On November 18, Prime Minister Shinzo Abe called a snap election. He will dissolve the House of Representatives, the lower house of the National Diet, on November 21, and hold the election on December 14.
At the same time, he pledged that he would postpone the consumption tax hike from 8 to 10 percent scheduled in October 2015 to April 2017. (his speech was broadcast on TV and the link is here, although it’s in Japanese).
As the quarterly estimate of Japan’s GDP for July to September shows, the real growth rate is shrinking by an annualized rate of 1.6%. This is the second consecutive contraction, which means Japan is technically in recession.
The opposition parties and the media are now blaming Abenomics as the cause of recession, so he has to defend it vehemently. Yet in fact employment figures are better than ever, with lower unemployment rate and higher ratio of jobs to job seekers.
After he defended the record of Abenomics, the prime minister blamed the tax hike implemented on April for dampening consumption expenditure, and threatening Japan’s chance of getting out of deflation, the primary goal of Abenomics.
Nominal wages have been increasing, but real wages have been falling due to the rise of consumption tax: 3 percent increase in taxes pushes up prices by about 2 percent.
The Consumption Tax Law of 2012 has an article 18 in its appendix. According to this so-called economic conditions article, the government is obliged to implement policies to maintain the nominal growth rate of 3 percent and the real growth rate of 2 percent on average from fiscal year 2011 to 2020. Invoking the article, the prime minister decided to postpone the next increase in consumption tax scheduled on October 2015 to April 2017.
But in the same speech, Mr. Abe also stressed that when the tax increase is eventually implemented in 2017, the economic conditions article would not be invoked again. That essentially means article 18 would be removed when, per the requirement of the legislative procedure, a new law to delay the tax hike is submitted. This was intended to show the government’s commitment to fiscal consolidation to the investors.
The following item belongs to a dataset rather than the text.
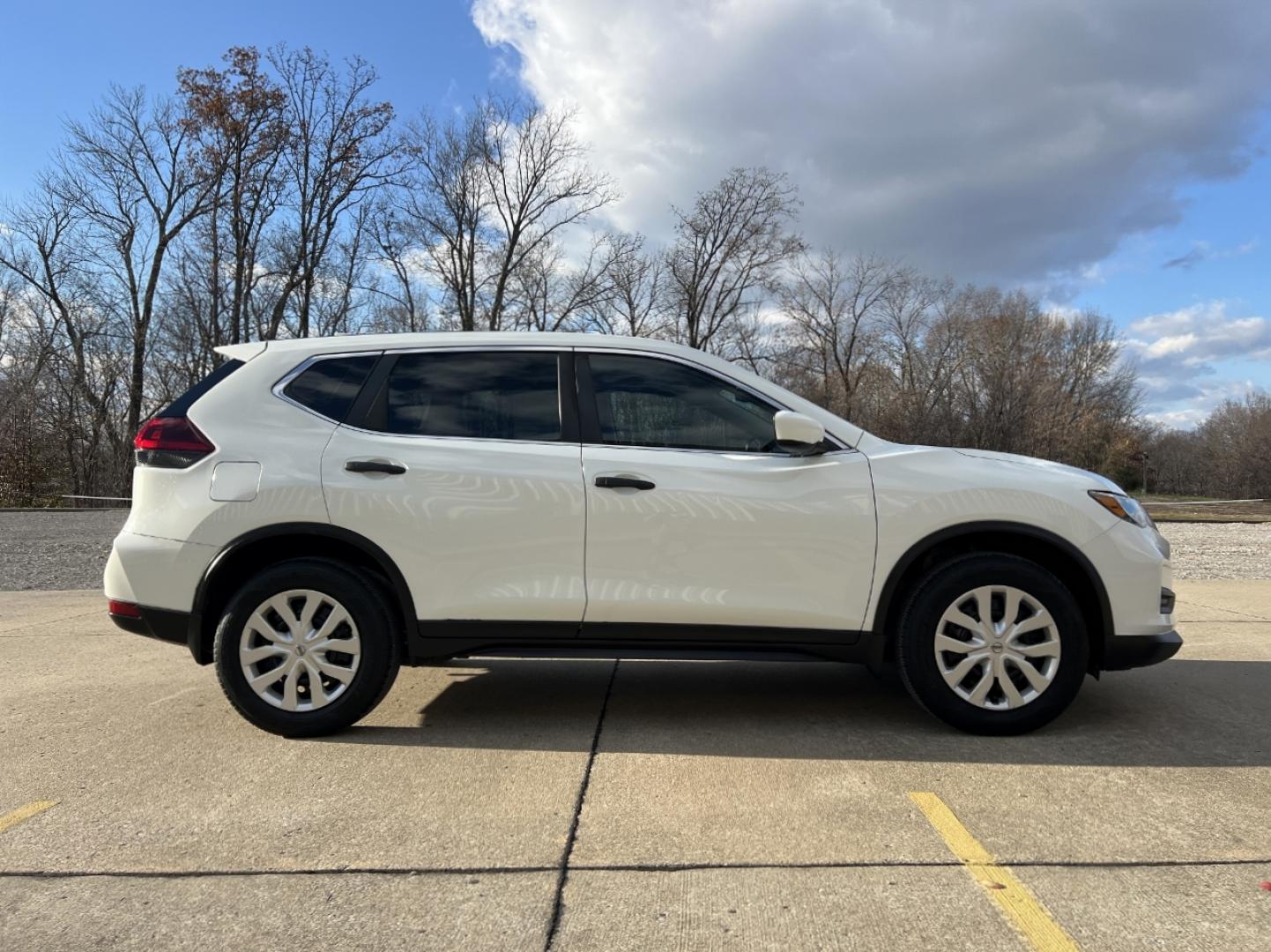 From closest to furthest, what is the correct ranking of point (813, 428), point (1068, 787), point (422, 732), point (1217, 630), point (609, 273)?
point (1068, 787), point (813, 428), point (422, 732), point (1217, 630), point (609, 273)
But why couldn’t Mr. Abe postpone the next consumption tax hike without going to a general election? Especially when the LDP and its coalition partner, New Komeito Pary, have a comfortable majority in both Upper and Lower Houses of the Diet? Here comes the intricate aspect of Japanese politics.
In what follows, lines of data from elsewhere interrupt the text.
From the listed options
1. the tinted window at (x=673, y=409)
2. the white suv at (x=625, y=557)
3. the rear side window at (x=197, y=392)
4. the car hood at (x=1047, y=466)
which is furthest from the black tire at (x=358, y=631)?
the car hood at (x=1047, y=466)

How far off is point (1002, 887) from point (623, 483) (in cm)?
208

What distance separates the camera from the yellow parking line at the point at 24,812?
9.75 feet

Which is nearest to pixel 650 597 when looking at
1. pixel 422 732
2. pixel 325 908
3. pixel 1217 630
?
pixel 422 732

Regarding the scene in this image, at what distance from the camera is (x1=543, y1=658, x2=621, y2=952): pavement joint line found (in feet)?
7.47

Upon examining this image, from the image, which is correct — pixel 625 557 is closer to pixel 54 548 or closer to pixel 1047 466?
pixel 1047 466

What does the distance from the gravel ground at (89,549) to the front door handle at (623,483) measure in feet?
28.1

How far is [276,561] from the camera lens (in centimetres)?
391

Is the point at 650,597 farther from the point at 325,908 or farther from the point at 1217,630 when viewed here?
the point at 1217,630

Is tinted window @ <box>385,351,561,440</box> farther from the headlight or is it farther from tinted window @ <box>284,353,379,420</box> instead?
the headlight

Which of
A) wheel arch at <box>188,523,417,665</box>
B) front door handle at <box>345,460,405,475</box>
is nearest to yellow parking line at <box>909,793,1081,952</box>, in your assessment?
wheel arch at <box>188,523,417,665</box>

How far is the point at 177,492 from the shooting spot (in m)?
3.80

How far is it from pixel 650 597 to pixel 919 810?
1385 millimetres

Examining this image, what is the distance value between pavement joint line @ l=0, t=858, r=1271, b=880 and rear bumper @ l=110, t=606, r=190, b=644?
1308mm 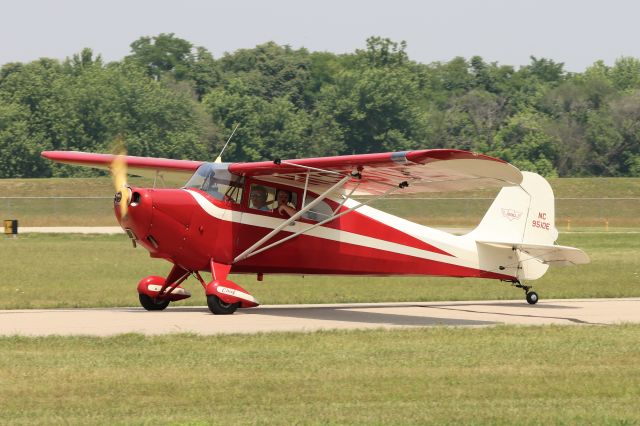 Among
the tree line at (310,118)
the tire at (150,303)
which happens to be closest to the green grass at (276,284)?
the tire at (150,303)

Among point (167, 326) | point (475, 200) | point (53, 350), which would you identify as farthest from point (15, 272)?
point (475, 200)

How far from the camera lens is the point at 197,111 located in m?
93.6

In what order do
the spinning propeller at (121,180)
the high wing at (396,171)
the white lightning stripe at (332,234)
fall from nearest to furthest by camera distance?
A: the high wing at (396,171), the spinning propeller at (121,180), the white lightning stripe at (332,234)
The current schedule of consumption tax hike was decided in the Summer of 2012 by three parties: the then governing Democratic Party of Japan (DPJ), the LDP, and the New Komeito Party. The DPJ decided to raise the tax even though it was not part of its policy manifesto for the 2009 election, and suffered a devastating defeat in the last general election in December 2012.
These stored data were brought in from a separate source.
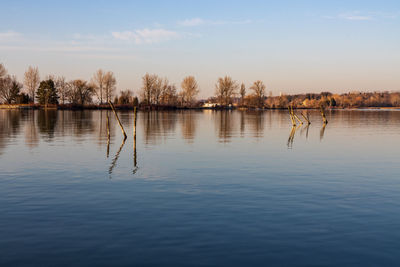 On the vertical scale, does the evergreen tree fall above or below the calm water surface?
above

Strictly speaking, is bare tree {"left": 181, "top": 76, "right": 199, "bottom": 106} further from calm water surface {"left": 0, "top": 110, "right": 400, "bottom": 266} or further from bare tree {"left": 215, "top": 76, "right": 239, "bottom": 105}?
calm water surface {"left": 0, "top": 110, "right": 400, "bottom": 266}

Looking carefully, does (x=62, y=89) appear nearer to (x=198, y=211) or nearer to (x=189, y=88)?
(x=189, y=88)

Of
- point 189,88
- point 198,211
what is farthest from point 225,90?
point 198,211

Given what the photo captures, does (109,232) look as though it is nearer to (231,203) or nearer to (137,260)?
(137,260)

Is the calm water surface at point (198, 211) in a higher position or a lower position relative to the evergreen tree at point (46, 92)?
lower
Abe was not happy with this deal to begin with. When he ran for and won the LDP leadership election, it was upsetting for the party establishment since Abe was reluctant to keep the three party consensus.
In the last election of 2012, the LDP pledged to keep the promise of raising consumption tax, and there are many politicians in LDP who believe that the party should stick to it. Surrounded by fiscal hawks in the LDP, the prime minister is an exception in worrying about the economic consequences of the tax increase.
He does not have full backing of his own party members on the issue of delaying the consumption tax hike. This is partly the reason why he decided to go ahead with the hike last October. He has to resort to election to win his own party’s backing.
There is also a rather shrewd political calculation: the opposition parties are unprepared for an election. The DPJ, the largest opposition party, has not yet decided half of its electoral candidates. Most of the other smaller parties may not survive the next election, thanks to Japan’s electoral system which favors bigger parties.
Furthermore, the oppositions have not yet come up with a better alternative to Abenomics. As a party comprised of diverse political and economic views, the DPJ has no coherent economic policy package to match Abenomics.
Certainly Abe has averted another disaster of raising the consumption tax for the time being, but there are two worrying aspects about this deal.
First, the prime minister is facing a general election when the economy is in recession. This is not an easy battle even with ill-prepared opposition parties. As much as he wishes to distance himself from the consumption tax hike, the hike took place during his term anyways and is therefore easily seen as his mistake. If he fails to convince the public that Abenomics is working, it would be the end of Abenomics.
Secondly, by pledging to remove the economic conditions article from the original law, he has committed to the future tax increase from 8 to 10 percent in April 2017, no matter what. In a follow-up interview, he somehow modified what this might mean, saying he would postpone the consumption tax hike if a crisis in the magnitude of Lehman Shock-type global financial crisis happens.
But committing to a future tax increase now is not the best economic policy: he should have kept the economic conditions article, or should have strengthened his commitment to reflationary policy. For example, the government and the BOJ could agree on targeting the nominal growth rate of three to four percent.
If he wins, Abe will buy about two and half years of time to pursue Abenomics, but would it be enough? The future of Abenomics and Japan is still up in the air.